Estos días reflexionamos sobre la Cuaresma,
 tiempo que Dios nos regala, a través de su Iglesia, para que la 
conversión como auténticos hijos de Dios se haga presente, no solo de 
manera simbólica, sino real, sacramental y efectiva. No perdamos el 
tiempo. Dejemos que los signos que nos acompañarán, vividos 
intensamente, nos hagan nacer a una nueva vida en la perspectiva del Misterio Pascual,
 de la Muerte y Resurrección de Jesús. Porque en cada gesto y 
manifestación eclesial y litúrgica se esconde el brazo poderoso de Dios 
que nos invita al amor, la penitencia y el arrepentimiento que nos hace 
grandes. La iglesia, para ello, nos recomienda siempre la oración, la 
limosna y el ayuno, pero lo más importante es, sin duda, “querer”. Así 
de simple: hay que querer vivir la cuaresma, o, por el contrario, pasará
 tan solo recordando que llegará la Semana Santa y la Pascua, pero sin 
habernos tocado el corazón. 
La celebración de la Cuaresma, como 
sabemos, nos ofrece una ocasión preciosa para vivir la relación entre fe
 unida a la caridad, de modo que cambien nuestras relaciones con Dios, 
entre nosotros y con la creación entera.
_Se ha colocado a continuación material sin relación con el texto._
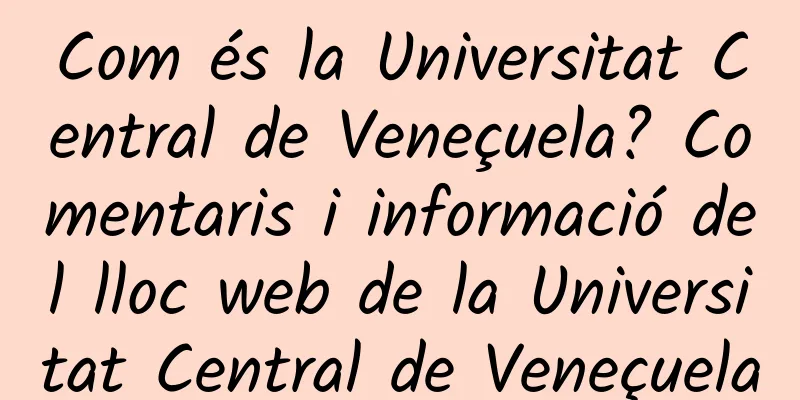 Com és la Universitat Central de Veneçuela? Comentaris i informació del lloc web de la Universitat Central de Veneçuela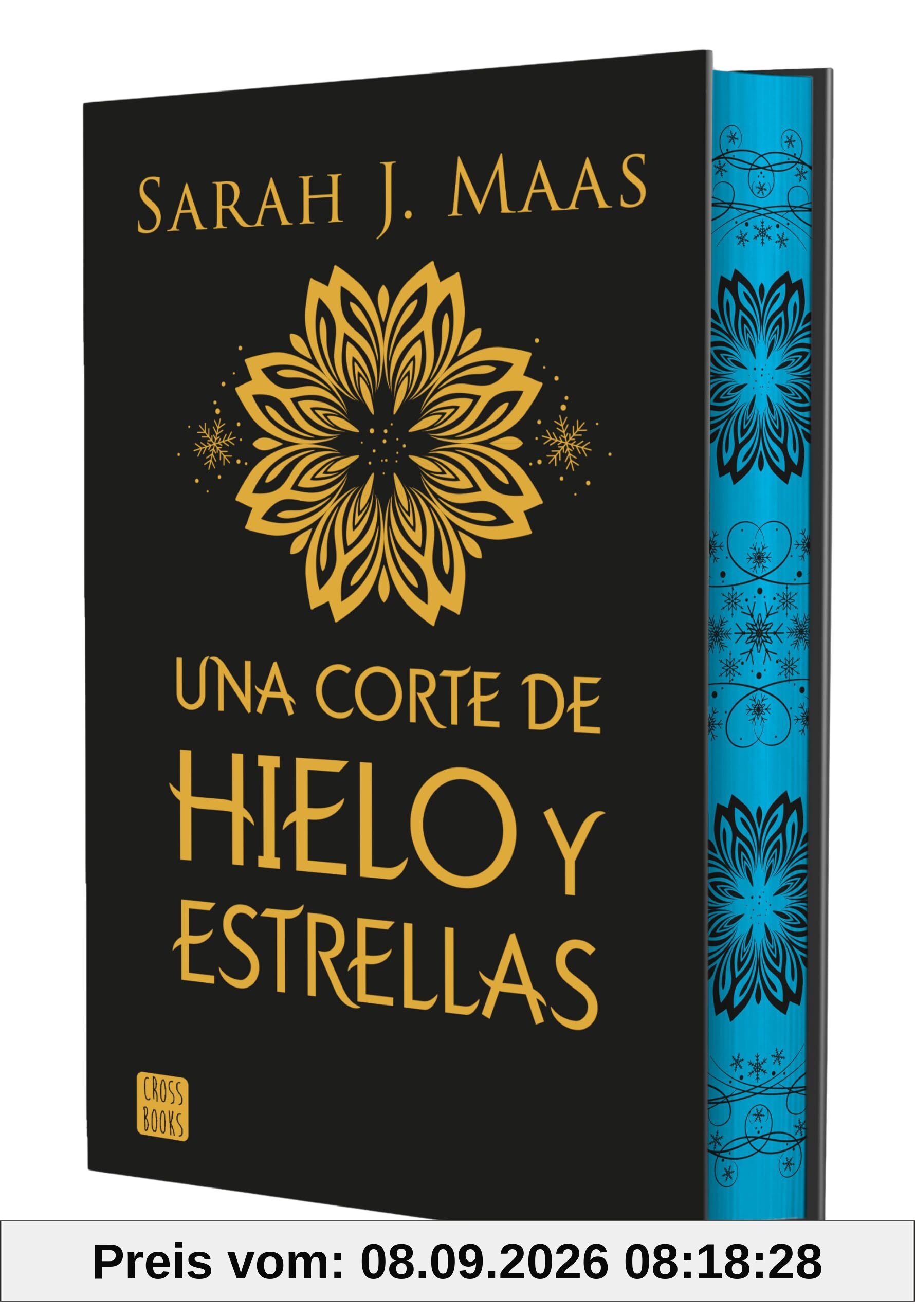 Una corte de hielo y estrellas. Edición especial: Una corte de rosas y espinas 4. Edición especial con cantos tintados (Ficción, Band 4)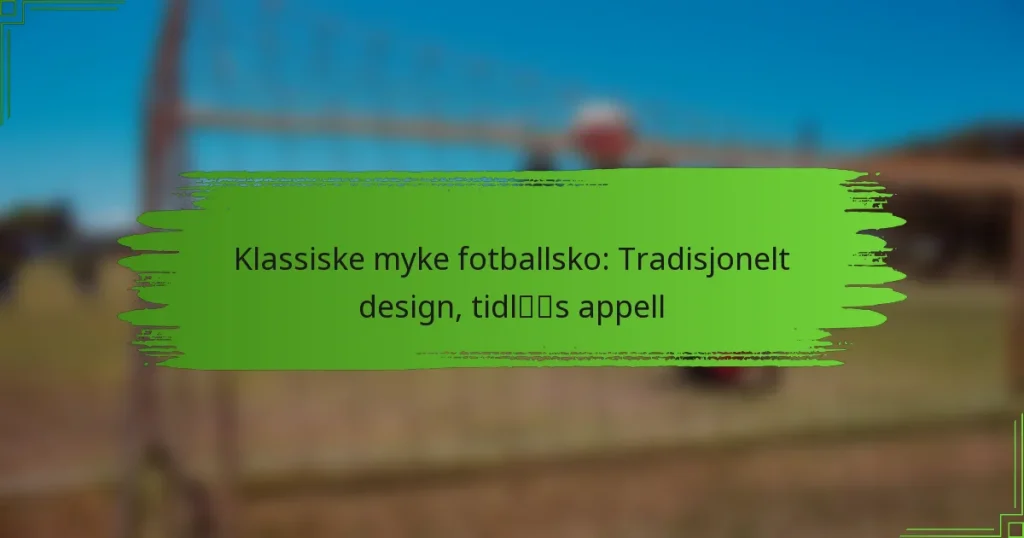 Klassiske myke fotballsko: Tradisjonelt design, tidløs appell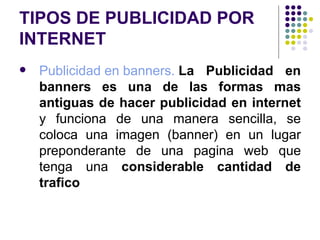 TIPOS DE PUBLICIDAD POR INTERNET Publicidad en banners.  La Publicidad en banners es una de las formas mas antiguas de hacer publicidad en internet  y funciona de una manera sencilla, se coloca una imagen (banner) en un lugar preponderante de una pagina web que tenga una  considerable cantidad de trafico   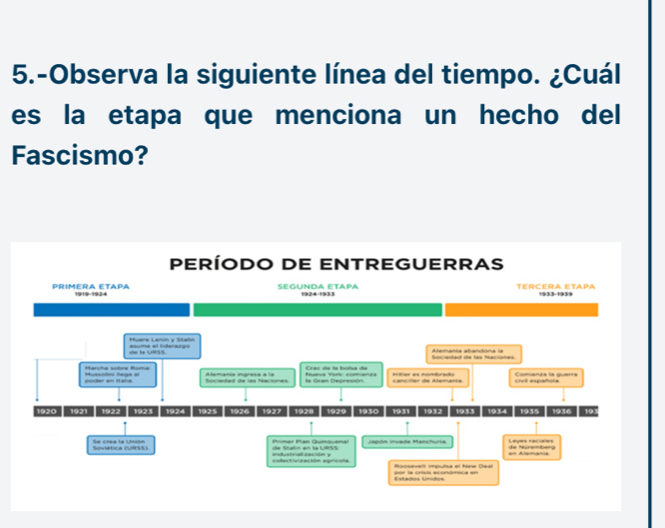 5.-Observa la siguiente línea del tiempo. ¿Cuál 
es la etapa que menciona un hecho del 
Fascismo? 
PERÍODO DE ENTREGUERRAS 
PRIMERA ETAPA 1919-1924 SEGUNDA ETAPA 1924-1933 TERCERA ETAPA 1933-1939 
Muere Lenin y Statn amaia atantona a 
de la URSS asume el fiderargo 
Sacietad de las Nacióñes 
Harcha sobre Roma poder en Italia Mussotini flega =l Sociedad de las Naciones la Gran Depresión Nueva Yoric comienza Crac de la boísa de Cancier de Alemania ór as nomtcat civil española Comienza la guerra 
1920 1921 1922 1923 1924 1925 1926 1927 1928 1929 1930 1931 1932 1933 1934 1935 1936 193 
Soviética (URSS) Se crea la Unión Primar Pan Quinquenal de Staln en la URSS iaón ivada Mantra en Alemania de Múrembeto Leyes raciales 
colectivización agricola industralzación y 
Estados Unidos or la crísia econótica en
Cuando el sacerdote, al imponer
 la ceniza, nos dice “convertíos y creed en el Evangelio”, está haciendo
 por nosotros algo más de lo que en principio, parece. La ceniza misma 
nos trae al presente lo que será nuestro futuro: moriremos y seremos 
polvo; lo material, que tantas veces nos agobia y posee, dejará de ser 
importante, vital, para nosotros. Pero la confesión de fe que hacemos 
nos sitúa con sinceridad ante nosotros mismos, nos abre a Dios y también
 a los demás.  Y la creación entera se reorienta a su fin y se 
beneficia. ¡Demos gracias a Dios! 
Monseñor Zornoza Boy, Obispo de la Diócesis de Cádiz y Ceuta.